In SWI imaging, venous blood shows a clear signal loss and venous structures are clearly displayed. Thus, SWI imaging is known as the MRI imaging of the vein. The number of veins revealed by SWI images reflects the regional cerebral metabolic rate of oxygen and regional cerebral blood flow speed and provides more information on the formation of collateral circulation [13-17]. However, the application of SWI in the detection of collateral circulation re-formations after cerebral infarction has been seldom reported.

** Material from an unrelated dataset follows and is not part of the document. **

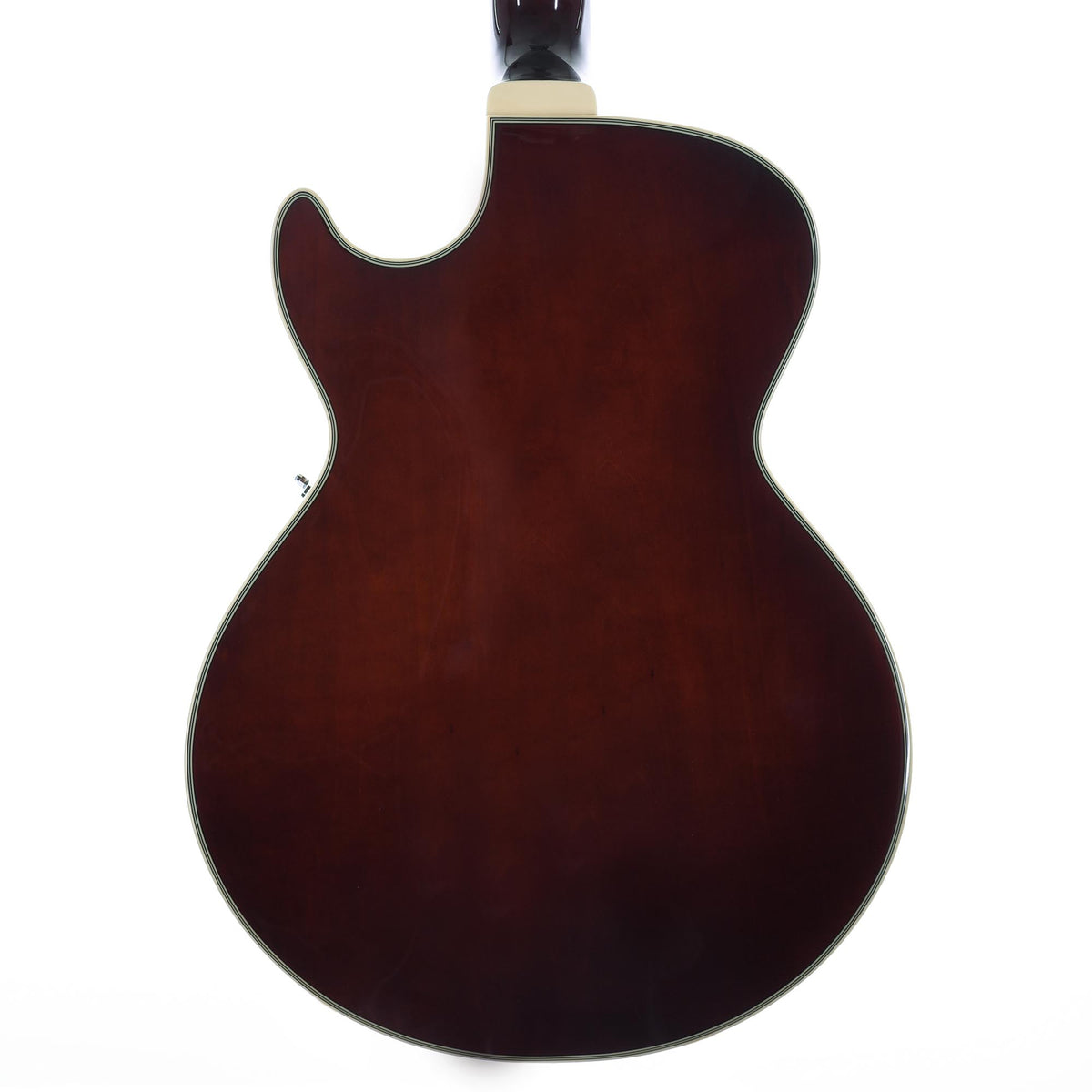 Ibanez George Benson Signature Hollow Body Electric Guitar, Antique Amber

In the data of this study, the number of microvessels in the acute phase revealed by SWI images significantly decreased or disappeared compared with the contralateral non-infarct area. During the recovery period, the number of micro vessels in the infarct area increased, and the increase in microvessels mainly concentrated in the surrounding areas of the infarct area. The early detection rate of responsible blood vessels (stenosis vessels) by MRA sequence was 82%. All the above suggests that SWI images can display changes in microvessels in the cerebral infarct area through changes in the number of veins. Thus, researchers can evaluate cerebral collateral circulation re-formation through observing collateral vessels. MRA combined with SWI can effectively detect responsible blood vessels of cerebral infarction and monitor collateral circulation reformation in infarct area [18-24].
In summary, SWI scan can sensitively display HT of acute MCI, especially micro bleedings and is capable of monitoring collateral circulation reformation in the infarct area. It has a high guiding value for making treatment plans for MCI, as well as in the evaluation of prognosis.